Some guy named Rich Campanola was working hard at the Simmons Mattress plant in Agawam, Massachusetts – trying to wrap his mind and the factory around lean principles - way back in 2002. Little did he know that lean was a complete waste of his time. Not 80 miles away in Cambridge, Harvard was cranking out smart kids with one purpose in mind – to find dumb working stiffs like Rich and profit from his efforts without ever raising a drop of their own sweat. There is no money to be made leading lean journeys – no serious money, anyway. The big money is in finding naive saps like Rich willing to do the hard work, buying his company, borrowing against the assets of the company to the hilt to pay yourself back the money it took to buy it plus a whopping profit, then unloading it on another investment banker to do the same.
Simmons just came out of bankruptcy after having been bought and sold seven times in some twenty three years. It was a solid company when all of this began – still might be but it is unlikely we will ever know. By the time the last investment banker was finished with it, Simmon's debt had gone from $164 million to $1.3 billion, with the investment bankers sucking $750 million in profits on their 'investments'.
The last owner before the bankruptcy was a cesspool of greed called Thomas H Lee Partners who made a $77 million profit on flipping Simmons – or at least flipping it into bankruptcy court - along with hundreds of millions of dollars in fees for the 'services' they rendered.

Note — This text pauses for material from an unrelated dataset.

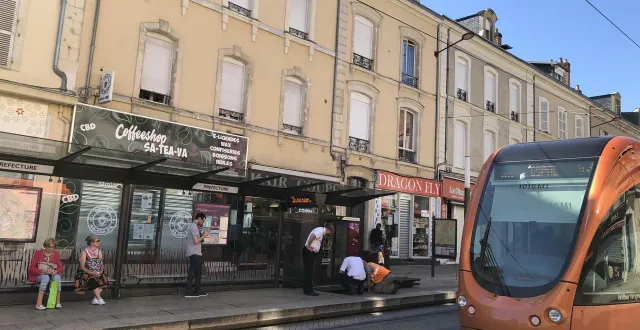 photo  l’arrêt de tramway « préfecture », au mans, où les deux individus accusés de vol ont appréhendé la victime, mercredi 19 novembre 2025 vers minuit.  &copy;  archives ouest-france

Why do I single out Harvard as the culprit? THL has 21 Managing Directors and 14 of them have MBA's from Harvard. They also have 13 Directors, Principals and VP's, and 7 of them have Harvard MBA's. 21 out of the 34 folks at the top all from one school. Thomas H Lee himself is no longer part of the company, but he is also a Harvard man and a great benefactor to the old alma mater.
They do not teach anyone the first thing about creating value, or even creating wealth at the Harvard business school. You have to learn that elsewhere if you want to actually contribute anything to society. They only teach how to game the system, how to get your hands on the wealth hard working people like Rich Campanola created. Real work is for the lesser intellects; Smart people don't get their hands dirty. You can read the whole sordid story in the New York Times.
The people running Harvard should be ashamed of themselves and of the type of people they are turning out. The founding motto of the once-great school was, ""Let every Student be plainly instructed, and earnestly pressed to consider well, the main end of his life and studies is, to know God and Jesus Christ which is eternal life, and therefore to lay Christ in the bottom, as the only foundation of all sound knowledge and Learning". I guess all of that nonsense about Christ as the bottom of all sound knowledge and learning is like work – just pap for suckers. The "main end" of life taught to Harvard MBA students appears to be to get rich, and to hell with everyone else, and if it is the ruination of the once great manufacturing economy of the United States, that ain't their problem.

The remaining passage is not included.